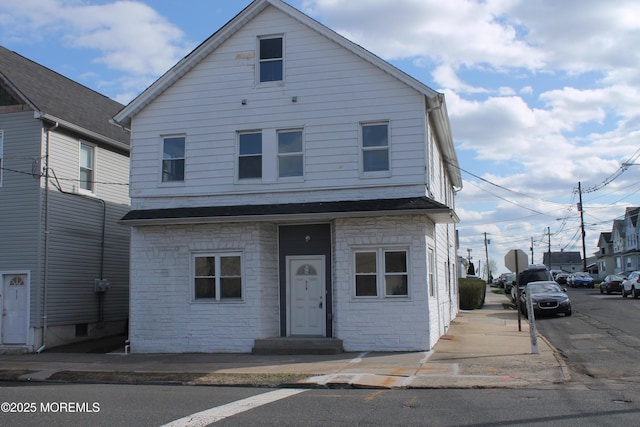 519 Roosevelt Ave, Carteret, NJ 07008 - view of front facade with stone siding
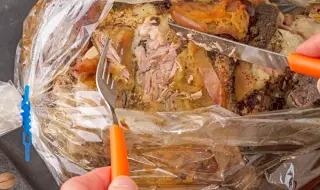 Рецепта на деня: Свински бут в плик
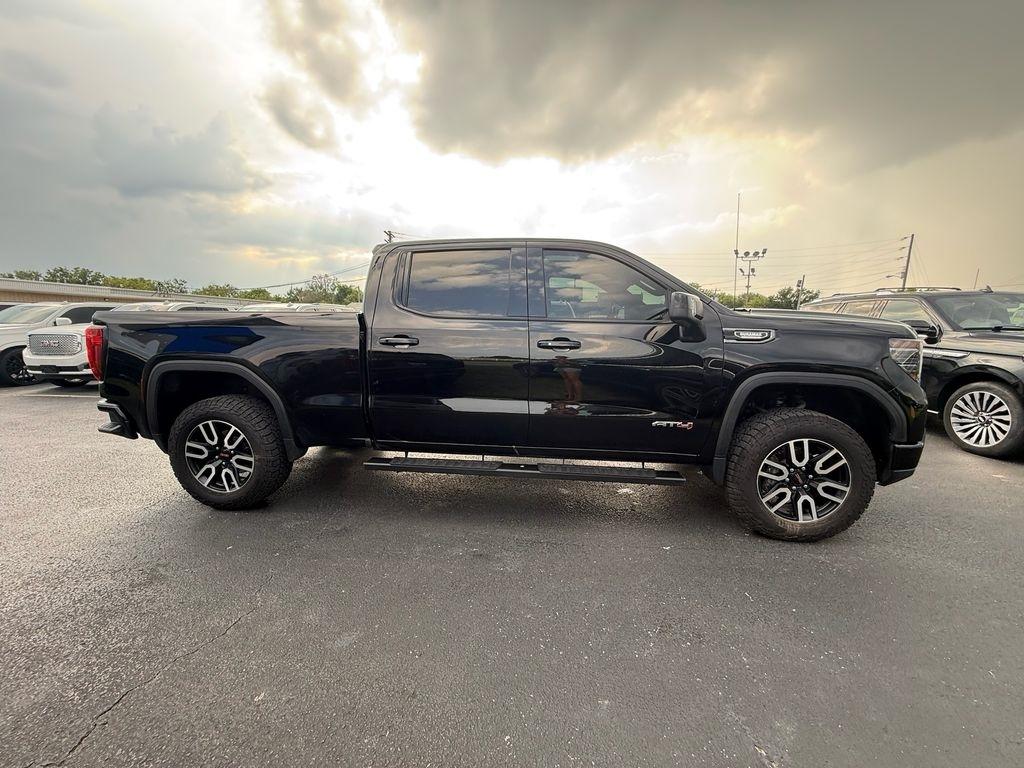 GMC Sierra 1500 AT4 Crew Cab 4WD 2023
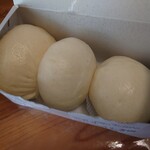 パオパオ - 料理写真:肉まんとあんまん(各1個248円)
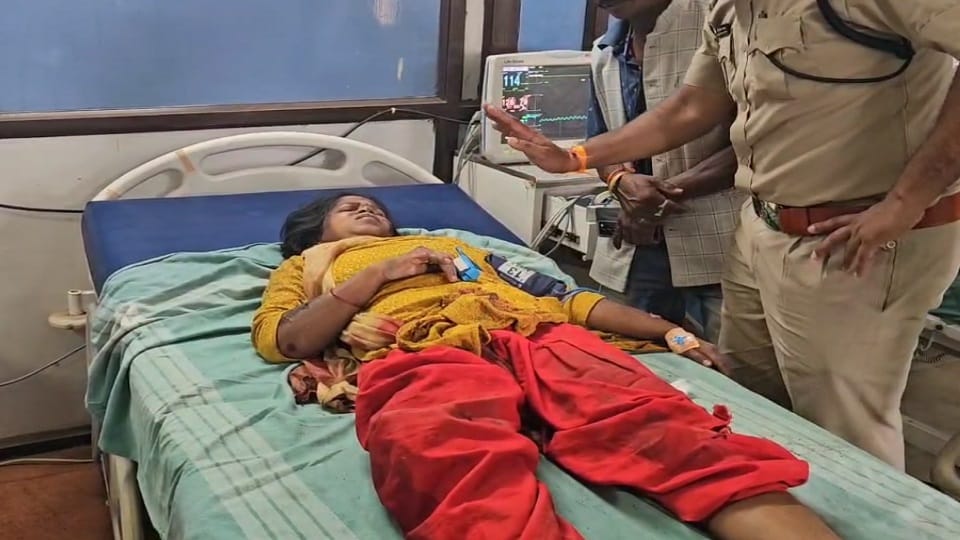 Major road accident at Ram Mandir Chowk bus crushed several people one dead in Kondagaon
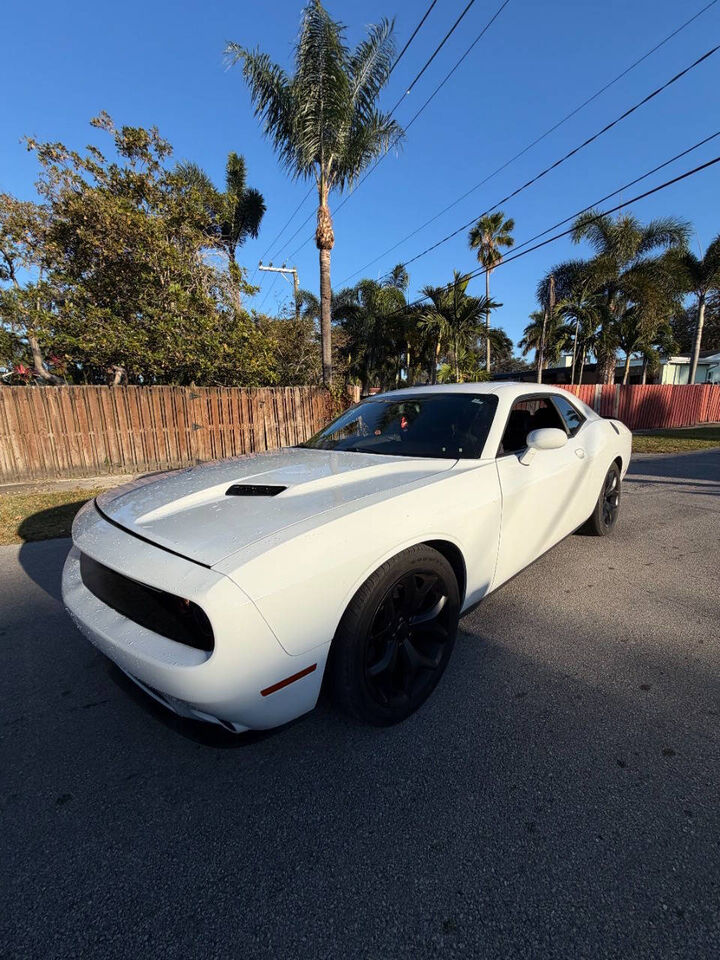 2016 DODGE Challenger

# # #

Leaving all pictures aside, print exactly the lines from the one that contains "GMC Sierra 1500 AT4 Crew Cab 4WD 2023" through the last line of the data above, inclusive.

 GMC Sierra 1500 AT4 Crew Cab 4WD 2023
 パオパオ - 料理写真:肉まんとあんまん(各1個248円)
 Major road accident at Ram Mandir Chowk bus crushed several people one dead in Kondagaon
 2016 DODGE Challenger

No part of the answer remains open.